The Sixth Circuit, in Armstrong, Jones & Co. v. SEC, 421 F.2d 359, 362 (6th Cir.), cert. denied, 398 U.S. 958 (1970), held, adopting the position of the Securities Exchange Commission, that sanctions may be imposed on a broker-dealer for the wilful violations of its agents under the doctrine of respondeat superior; the court did not refer to Section 20(a). In Holloway v. Howerdd, 536 F.2d 690, 694-95 (6th Cir. 1976), the Sixth Circuit, following what it took to be the lead of the Second, Fourth, Fifth and Seventh Circuits, went farther in holding that the controlling person provisions, Section 15 of the ’33 Act and Section 20(a) of the ’34 Act, were not intended to preempt the operation of the doctrine of respondeat superior in eases involving unlawful activities of a brokerage firm’s employees. It imposed damage liability on the firm in favor of those customers of the firm who were ignorant of the limitations on the authority of the wrongdoing employee. The court relied on what had been said in Management Dynamics, supra, 515 F.2d at 812, to the effect that the controlling person provisions were intended to expand, rather than restrict, the scope of liability under the securities laws.
The Fourth Circuit, in Johns Hopkins University v. Hutton, 422 F.2d 1124 (4th Cir. 1970), cert. denied, 416 U.S. 916, 94 S.Ct. 1623, 40 L.Ed.2d 118 (1974), a case brought under § 12(2) of the ’33 Act, 15 U.S.C. § 771(2), held a brokerage house liable “under familiar [agency] principles, for the tortious representations of its agent”; although the partners of the defendant brokerage house were personally blameless, they had clothed their departmental manager with actual and apparent authority to provide the purchaser of the security with information about its yield, the manager acted within the scope of his employment in offering the security to the purchaser, and the firm received compensation based on the manager’s sales effort.
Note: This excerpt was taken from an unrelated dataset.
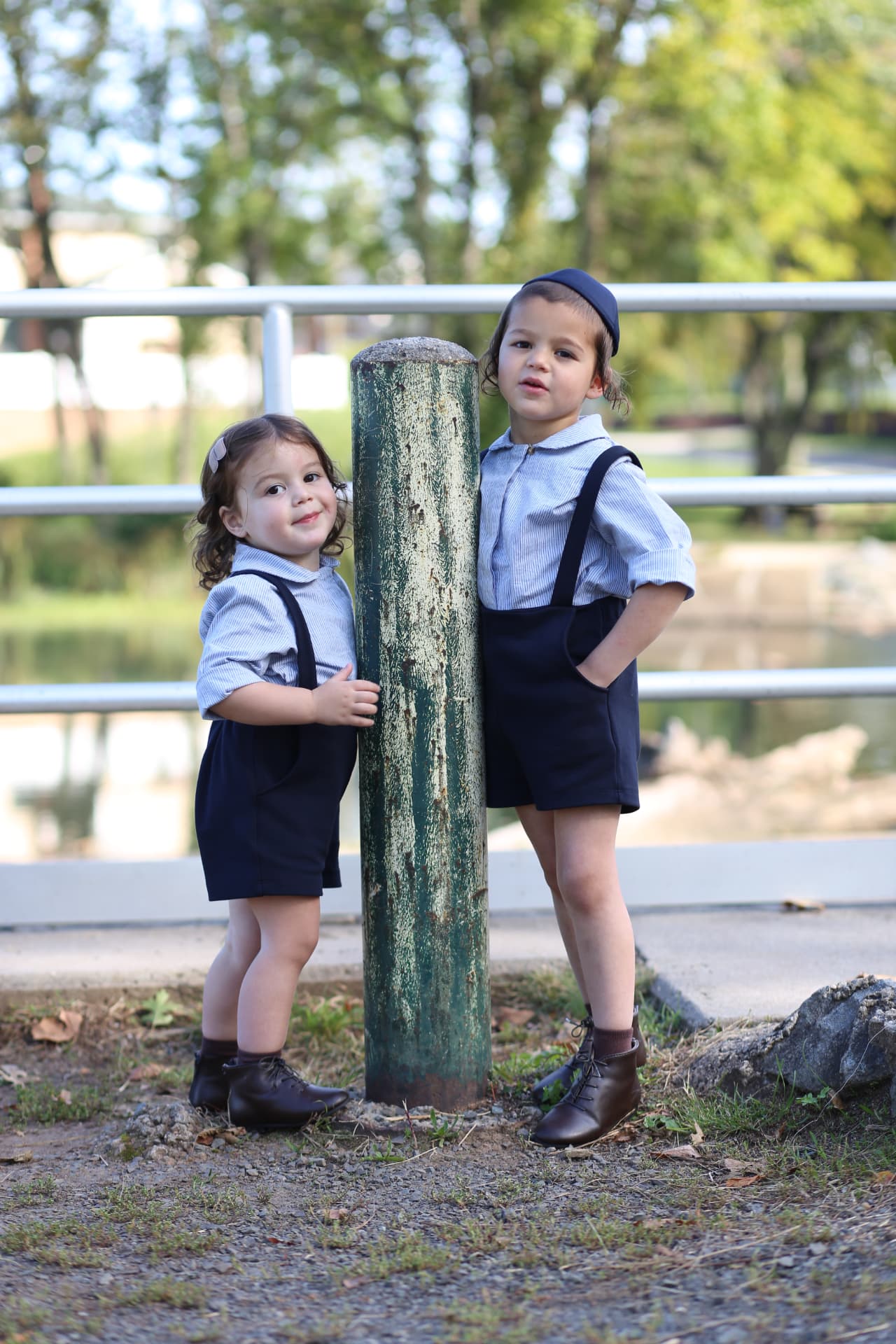 A little sister and her big brother leaning on either side of the old green post.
The court held that Section 15 of the ’33 Act, 15 U.S.C. § 77o, which imposes a controlling person liability parallel to that imposed by Section 20(a) of the ’34 Act, was not intended to insulate a brokerage house from the misdeeds of its employees.
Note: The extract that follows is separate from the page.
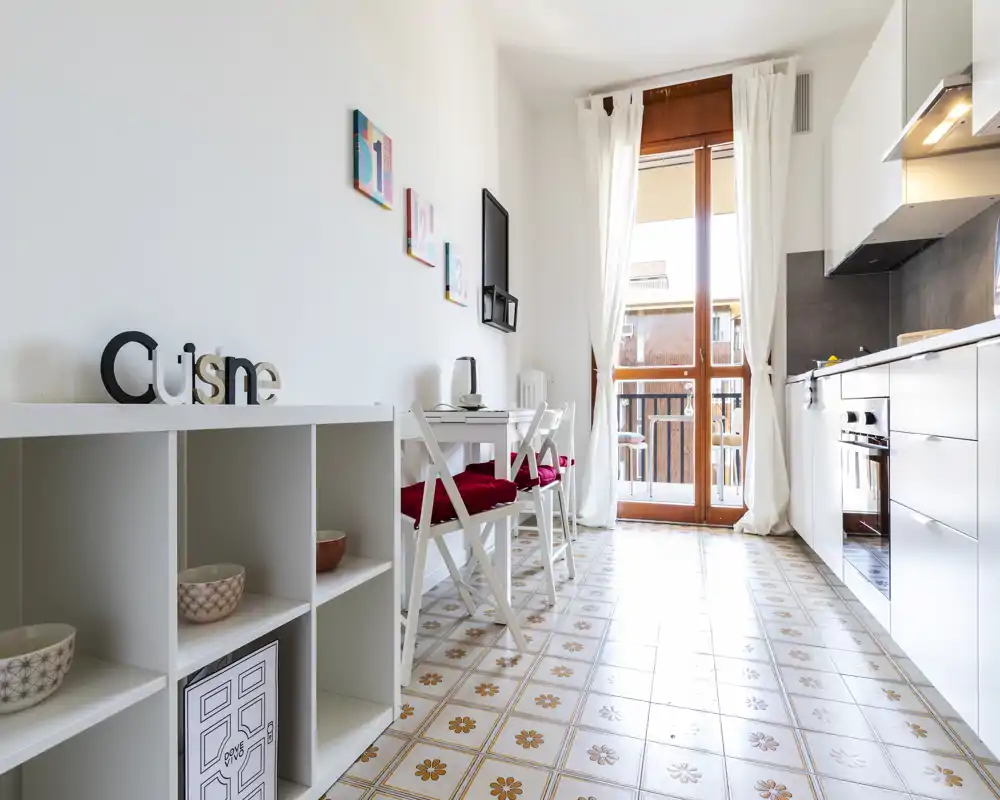 Angolo cottura moderno e luminoso con mobili bianchi, forno incassato e un piccolo spazio pranzo davanti a una grande porta finestra che dà sul balcone. Le piastrelle decorate e i cuscini rossi rendono l'ambiente accogliente.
The Fifth Circuit in Lewis v. Walston & Co., 487 F.2d 617 (5th Cir. 1973), applied agency principles in imposing liability on a brokerage firm in a suit under Section 12(1) of the ’33 Act for an employee’s sale of unregistered stock to plaintiffs, notwithstanding that the brokerage house never received a commission or other benefit from the transactions, did not deal in unregistered securities in the course of its own business, and did not perform any of its usual brokerage functions in the completion of the sales transactions. Later, in a case in which liability under Rule 10b-5 could have been imposed only under Section 20(a) if the evidence had warranted it, the Fifth Circuit, under the mistaken impression that Gordon v. Burr, supra, had committed this circuit to the view that Section 20(a) was “the exclusive way to hold someone secondarily liable” in Rule 10b-5 cases, stated that such an approach might be unnecessarily restrictive to the securities acts but that it did not need to resolve that question in the case before it. Woodward v. Metro Bank of Dallas, 522 F.2d 84, 94 n.22 (5th Cir. 1975). The Seventh Circuit in a “churning” case, Fey v. Walston & Co., 493 F.2d 1036, 1052-53 (7th Cir. 1974), held a brokerage house liable for the conduct of
The earliest of the cases usually cited for the proposition that Section 20(a) of the ’34 Act supplanted the doctrine of respondeat superior in securities cases, Kamen & Co. v. Paul H. Aschkar & Co., 382 F.2d 689, 697 (9th Cir. 1967), does not elaborate the point, and Hecht v. Harris, Upham & Co., 430 F.2d 1202, 1210 (9th Cir. 1970), which imposed liability in a churning case, did so under Section 20(a) on the basis that the brokerage house had failed to maintain adequate internal controls, and that its failure of diligence constituted failure to act in good faith; the court did not refer to the doctrine of respondeat superior. Later, in Zweig v. Hearst Corp., 521 F.2d 1129, 1132-33 (9th Cir.), cert. denied, 423 U.S. 1025, 96 5. Ct. 469, 46 L.Ed.2d 399 (1975), the court interpreted its earlier decision in Kamen as holding that Section 20(a) is to be applied to determine an employing corporation’s liability and as rejecting the contention that “the more stringent doctrine of respondeat superior remained effective to establish vicarious liability.” The court did not explain the basis for its conclusion. Most recently, in Christoffel v. E. F. Hutton & Co., 588 F.2d 665, 667 (9th Cir. 1978), the court, in a single sentence, and, again, without discussion, stated that it was “the established law of [the 9th] Circuit that section 20(a) supplants vicarious liability of an employer for the acts of an employee applying the respondeat superior doctrine.”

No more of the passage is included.